The Chinese government may be about to rethink its strategy towards “digital currencies,” a recent speech by the country’s former central bank governor, Zhou Xiaochuan, suggests.
Zhou, who served as the governor of the People’s Bank of China (PBoC) for more than 15 years until last year, said that China could learn a lesson from Facebook’s proposed Libra project, as it shapes a possible future digital currency in China, according to a report by the South China Morning Post.
Specifically, Zhou referred to how the Libra project is backed up by a large number of private companies, and then drew parallels to how Hong Kong allows commercial banks to issue currency notes on its territory.
In Hong Kong, the three major private banks – Bank of China (Hong Kong), HSBC and Standard Chartered – are licensed by the Hong Kong Monetary Authority to issue banknotes that are backed up by US dollars held in the banks’ reserves.
In the speech, Zhou said that digital currency “notes” could be “issued by the central bank or commercial entities,” without going into detail about what kind of “commercial entities” he had in mind.
In a comment to the South China Morning Post, Chen Dafei, senior analyst at Orient Securities, said that he interpreted Zhou’s use of the term “commercial entities” such that it could mean major Chinese tech firms like Alibaba and Tencent.
Granting these companies the right to issue state-backed digital currencies would be a new way to think about the old system of private bank-issued currency notes, with power shifting from banking sector to the technology sector.
Facebook’s Libra has sparked a debate in China over what the country’s response should be, as some fear it would weaken the position of the national currency – the yuan – against the U.S. dollar.
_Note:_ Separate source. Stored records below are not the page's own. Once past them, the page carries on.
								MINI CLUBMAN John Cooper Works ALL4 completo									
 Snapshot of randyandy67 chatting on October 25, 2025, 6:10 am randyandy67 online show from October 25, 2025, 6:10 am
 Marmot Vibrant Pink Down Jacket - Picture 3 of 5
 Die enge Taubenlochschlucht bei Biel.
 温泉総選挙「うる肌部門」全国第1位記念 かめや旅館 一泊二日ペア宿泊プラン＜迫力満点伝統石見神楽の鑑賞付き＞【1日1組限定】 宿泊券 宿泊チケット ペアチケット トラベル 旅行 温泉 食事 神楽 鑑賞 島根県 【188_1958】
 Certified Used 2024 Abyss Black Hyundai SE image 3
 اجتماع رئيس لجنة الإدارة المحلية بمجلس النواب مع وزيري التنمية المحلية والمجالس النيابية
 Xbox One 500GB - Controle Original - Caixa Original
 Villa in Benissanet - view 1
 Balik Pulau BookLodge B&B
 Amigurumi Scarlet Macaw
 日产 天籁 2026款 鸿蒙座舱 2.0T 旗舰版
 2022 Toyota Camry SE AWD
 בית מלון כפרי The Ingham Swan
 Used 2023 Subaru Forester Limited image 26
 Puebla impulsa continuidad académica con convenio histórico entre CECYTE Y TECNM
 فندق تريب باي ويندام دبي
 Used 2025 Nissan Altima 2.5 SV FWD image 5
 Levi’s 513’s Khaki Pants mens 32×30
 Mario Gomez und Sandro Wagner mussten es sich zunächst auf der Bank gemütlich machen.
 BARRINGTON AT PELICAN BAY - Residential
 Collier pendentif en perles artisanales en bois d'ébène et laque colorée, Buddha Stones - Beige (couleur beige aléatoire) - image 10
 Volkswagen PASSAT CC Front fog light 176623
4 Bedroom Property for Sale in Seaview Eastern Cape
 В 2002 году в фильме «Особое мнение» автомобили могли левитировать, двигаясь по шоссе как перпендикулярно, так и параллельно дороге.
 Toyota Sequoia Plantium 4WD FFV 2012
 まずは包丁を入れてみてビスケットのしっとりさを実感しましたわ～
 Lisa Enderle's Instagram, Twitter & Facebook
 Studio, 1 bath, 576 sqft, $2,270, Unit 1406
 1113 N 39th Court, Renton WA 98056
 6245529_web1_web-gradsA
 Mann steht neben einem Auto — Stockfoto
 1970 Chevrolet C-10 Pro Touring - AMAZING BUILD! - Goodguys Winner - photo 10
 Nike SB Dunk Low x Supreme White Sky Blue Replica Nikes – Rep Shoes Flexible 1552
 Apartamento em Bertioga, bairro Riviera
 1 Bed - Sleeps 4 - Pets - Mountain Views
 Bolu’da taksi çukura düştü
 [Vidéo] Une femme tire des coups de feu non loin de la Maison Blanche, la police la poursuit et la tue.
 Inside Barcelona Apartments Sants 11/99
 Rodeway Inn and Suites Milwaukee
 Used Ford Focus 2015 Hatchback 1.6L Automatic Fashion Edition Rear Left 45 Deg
The speech by the former central banker has so far been one of the most comprehensive statements on the matter, according to the report.
Meanwhile, according to a separate report by the same media outlet earlier this week, Facebook’s plans to create its own cryptocurrency have forced China’s central bank into stepping up research into creating its own digital currency as Libra could potentially pose a challenge to Chinese cross-border payments, monetary policy and even financial sovereignty.
The Chinese government’s stance on cryptocurrencies has over the past few years ranged from embracing blockchain technology and certain blockchain-related projects, to banning the trading and issuing of cryptocurrencies. However, some observers claim that the overall theme has been a deep skepticism towards crypto, as it is seen by many as a means to undermine the government’s strict controls over the national currency.